Now, I have chosen to be back in Poland for work. My heritage is important to me, I feel the need to explore and preserve it. It’s important for me to continuously examine my heritage and my country’s history in a discourse through my art.
Nostalgia is a theme that threads through all of your works. What is your relationship to the past, and why is it important for you to preserve, remember, and celebrate it through your art?
When I work with images from the past, it’s in order to understand the past. I’m not trying to evoke nostalgia in the romantic sense, but rather to preserve nostalgia in an active sense. I work with images that are disappearing in front of my eyes, so this version of nostalgia comes with a sense of urgency. When I returned home from my travels and my residencies, moving from Amsterdam to Warsaw, I saw how the buildings, neon signs, and old infrastructure were being torn down. I wondered, why were we tearing down the old to build the new, when the old was perfectly sufficient?
As an artist, I feel that I can protect and preserve the past. We are actually building the new MOMA Warsaw, and in our collection we want to bring back a lot of works from the 60’s and 70’s, when they dealt much more openly with gender studies and sexual freedoms.
What advice would you give to your younger self?
Not to consume so much wine, coffee and cigarettes!
And also: work with people you find inspiring, and create bonds with all people of different occupations.

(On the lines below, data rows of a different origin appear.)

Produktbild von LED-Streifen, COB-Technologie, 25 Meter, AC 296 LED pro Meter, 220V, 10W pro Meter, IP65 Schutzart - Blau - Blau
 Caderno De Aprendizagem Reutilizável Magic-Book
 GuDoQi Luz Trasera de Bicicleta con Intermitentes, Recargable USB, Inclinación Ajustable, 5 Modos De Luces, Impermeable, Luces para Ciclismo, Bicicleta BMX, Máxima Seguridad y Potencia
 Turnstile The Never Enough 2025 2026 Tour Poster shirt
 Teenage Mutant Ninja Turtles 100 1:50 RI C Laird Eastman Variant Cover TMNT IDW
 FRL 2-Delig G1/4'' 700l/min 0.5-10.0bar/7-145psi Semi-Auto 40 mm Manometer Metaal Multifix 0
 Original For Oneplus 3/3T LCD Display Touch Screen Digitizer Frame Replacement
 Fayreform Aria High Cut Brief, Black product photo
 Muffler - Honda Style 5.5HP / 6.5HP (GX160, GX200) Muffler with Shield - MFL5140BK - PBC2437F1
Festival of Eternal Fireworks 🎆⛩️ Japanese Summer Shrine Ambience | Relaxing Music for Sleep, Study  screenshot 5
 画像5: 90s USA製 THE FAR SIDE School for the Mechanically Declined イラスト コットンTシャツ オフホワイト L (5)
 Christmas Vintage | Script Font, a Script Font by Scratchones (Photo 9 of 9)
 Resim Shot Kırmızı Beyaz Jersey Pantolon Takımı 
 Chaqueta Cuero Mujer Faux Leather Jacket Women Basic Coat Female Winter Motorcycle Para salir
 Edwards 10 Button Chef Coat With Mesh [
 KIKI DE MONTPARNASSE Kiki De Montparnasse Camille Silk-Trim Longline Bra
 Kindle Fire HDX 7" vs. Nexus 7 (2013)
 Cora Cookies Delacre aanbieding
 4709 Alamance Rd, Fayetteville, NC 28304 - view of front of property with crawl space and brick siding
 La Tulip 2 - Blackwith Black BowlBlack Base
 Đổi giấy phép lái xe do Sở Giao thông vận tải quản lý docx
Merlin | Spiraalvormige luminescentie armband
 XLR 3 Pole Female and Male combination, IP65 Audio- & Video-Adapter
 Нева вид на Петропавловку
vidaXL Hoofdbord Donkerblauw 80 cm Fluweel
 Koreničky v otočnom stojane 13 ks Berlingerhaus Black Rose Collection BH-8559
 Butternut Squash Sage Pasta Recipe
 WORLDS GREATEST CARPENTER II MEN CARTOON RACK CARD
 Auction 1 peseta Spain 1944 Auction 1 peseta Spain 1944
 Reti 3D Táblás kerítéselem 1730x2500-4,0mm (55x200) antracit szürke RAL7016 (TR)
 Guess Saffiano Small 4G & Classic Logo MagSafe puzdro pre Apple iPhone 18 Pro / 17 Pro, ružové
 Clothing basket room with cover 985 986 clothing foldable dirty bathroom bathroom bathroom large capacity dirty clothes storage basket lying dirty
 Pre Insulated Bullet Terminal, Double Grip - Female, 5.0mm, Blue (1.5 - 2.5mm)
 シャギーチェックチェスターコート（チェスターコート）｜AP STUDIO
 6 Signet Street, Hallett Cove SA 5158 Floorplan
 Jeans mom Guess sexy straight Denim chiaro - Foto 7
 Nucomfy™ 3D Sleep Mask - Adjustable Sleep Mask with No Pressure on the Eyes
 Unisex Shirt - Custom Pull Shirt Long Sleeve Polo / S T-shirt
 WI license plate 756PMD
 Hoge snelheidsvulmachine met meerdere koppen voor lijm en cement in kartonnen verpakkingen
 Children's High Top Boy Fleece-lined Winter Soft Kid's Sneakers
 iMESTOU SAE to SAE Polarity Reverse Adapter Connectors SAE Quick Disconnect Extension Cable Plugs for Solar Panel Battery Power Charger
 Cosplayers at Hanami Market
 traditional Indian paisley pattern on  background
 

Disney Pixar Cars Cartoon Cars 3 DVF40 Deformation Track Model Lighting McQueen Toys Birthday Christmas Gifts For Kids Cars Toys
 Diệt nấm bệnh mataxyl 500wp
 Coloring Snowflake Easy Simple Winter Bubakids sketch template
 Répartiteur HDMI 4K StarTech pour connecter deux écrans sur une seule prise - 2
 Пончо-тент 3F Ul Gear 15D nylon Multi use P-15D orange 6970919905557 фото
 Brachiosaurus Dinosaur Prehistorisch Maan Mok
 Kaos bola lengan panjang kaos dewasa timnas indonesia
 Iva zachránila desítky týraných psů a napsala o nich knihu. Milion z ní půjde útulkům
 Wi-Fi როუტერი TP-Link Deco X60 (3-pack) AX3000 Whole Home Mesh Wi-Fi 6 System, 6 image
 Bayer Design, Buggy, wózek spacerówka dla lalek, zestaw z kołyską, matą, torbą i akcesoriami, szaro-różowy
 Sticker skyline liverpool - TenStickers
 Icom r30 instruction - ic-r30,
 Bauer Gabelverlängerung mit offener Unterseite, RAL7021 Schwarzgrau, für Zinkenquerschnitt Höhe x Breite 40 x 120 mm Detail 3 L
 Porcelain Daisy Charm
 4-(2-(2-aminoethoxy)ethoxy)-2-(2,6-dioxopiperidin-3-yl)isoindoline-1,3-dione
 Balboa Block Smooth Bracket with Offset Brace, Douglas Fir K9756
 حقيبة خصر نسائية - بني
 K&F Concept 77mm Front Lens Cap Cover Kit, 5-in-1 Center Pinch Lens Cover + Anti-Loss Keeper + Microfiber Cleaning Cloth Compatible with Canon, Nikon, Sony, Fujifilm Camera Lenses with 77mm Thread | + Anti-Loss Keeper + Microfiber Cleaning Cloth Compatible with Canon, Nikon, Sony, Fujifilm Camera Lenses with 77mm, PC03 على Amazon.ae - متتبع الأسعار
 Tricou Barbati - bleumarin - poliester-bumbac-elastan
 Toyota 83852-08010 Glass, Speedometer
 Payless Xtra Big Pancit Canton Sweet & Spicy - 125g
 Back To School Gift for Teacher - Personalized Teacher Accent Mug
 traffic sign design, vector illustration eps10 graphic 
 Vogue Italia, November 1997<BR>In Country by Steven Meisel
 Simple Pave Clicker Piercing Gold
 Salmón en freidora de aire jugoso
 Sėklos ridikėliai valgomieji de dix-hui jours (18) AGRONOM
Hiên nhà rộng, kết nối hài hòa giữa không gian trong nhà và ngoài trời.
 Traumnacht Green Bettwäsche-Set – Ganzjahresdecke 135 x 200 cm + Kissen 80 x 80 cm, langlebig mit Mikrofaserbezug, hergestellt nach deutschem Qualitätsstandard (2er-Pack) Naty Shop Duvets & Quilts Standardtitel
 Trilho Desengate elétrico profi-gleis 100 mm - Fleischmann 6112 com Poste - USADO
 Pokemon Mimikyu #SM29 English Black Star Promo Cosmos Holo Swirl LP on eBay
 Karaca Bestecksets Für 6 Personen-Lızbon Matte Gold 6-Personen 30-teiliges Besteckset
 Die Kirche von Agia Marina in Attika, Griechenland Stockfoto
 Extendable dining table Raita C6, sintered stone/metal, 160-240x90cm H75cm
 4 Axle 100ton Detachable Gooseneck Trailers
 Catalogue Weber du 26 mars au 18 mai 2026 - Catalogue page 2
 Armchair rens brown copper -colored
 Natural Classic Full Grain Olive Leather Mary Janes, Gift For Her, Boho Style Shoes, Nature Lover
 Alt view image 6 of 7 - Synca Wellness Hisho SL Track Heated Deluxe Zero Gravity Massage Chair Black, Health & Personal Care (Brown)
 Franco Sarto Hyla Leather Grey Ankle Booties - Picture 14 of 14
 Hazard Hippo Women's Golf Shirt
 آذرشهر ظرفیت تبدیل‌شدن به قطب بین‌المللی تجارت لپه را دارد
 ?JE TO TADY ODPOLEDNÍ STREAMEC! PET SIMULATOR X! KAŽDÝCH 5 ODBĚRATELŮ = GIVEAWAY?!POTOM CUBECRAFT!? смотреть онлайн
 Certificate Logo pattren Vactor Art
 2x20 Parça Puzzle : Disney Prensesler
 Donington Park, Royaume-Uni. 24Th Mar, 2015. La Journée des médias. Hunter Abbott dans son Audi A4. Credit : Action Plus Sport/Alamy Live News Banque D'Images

The friendships from when you’re studying–they become lifelong relationships.
Which artists have especially inspired you?
I love the work of a lot of artists, from painting to music to theater. And I am always inspired by students’ work in new directions that I have never seen, from video games to burlesque. When I speak about artists I always try to bring up artists who are doing incredible work but not in the center of attention. I would like to propose the names of the artists we have just featured in Pavilionesque Magazine III, where we discuss the meaning of performance in contemporary theater, of which I am the artistic director. For this issue, we focused on the topic of ‘grotesque.’ My heroine and inspiration for this theme was the German dancer, Valeska Gert, who is on the cover. Then there is Isabella Cornaro, who writes about the depiction of the first abortion. Vincenzo de Bellis is an Italian curator, who writes about how the word ‘grotesque’ comes from the word ‘grotto.’ Jamian Juliano-Villani is an amazing New-York based painter, also Marnie Weber from Los Angeles, and I love the Polish artists Dominika Olszowy and Tori Wrånes–whose work is radically grotesque and bizarre. I’ve also brought in noir photographers from the 1970’s, such as Karin Székessy. And finally, the Czech artist Eva Švankmajerová, whose incredible work I think you will see in a retrospective at the Tate in a couple of years!
Can you share with us any exciting plans you’re currently working towards?
I’m working on a performance for the Art Institute of Chicago, called Naughty Nymphs in the Courtyard of Favourites, and it’s about the erotic representation of the female nude in neoclassical sculptures. I’m also working on another performance for the Walker Museum, the Paradox of Stillness, which is a great show that combines still images and performance theater.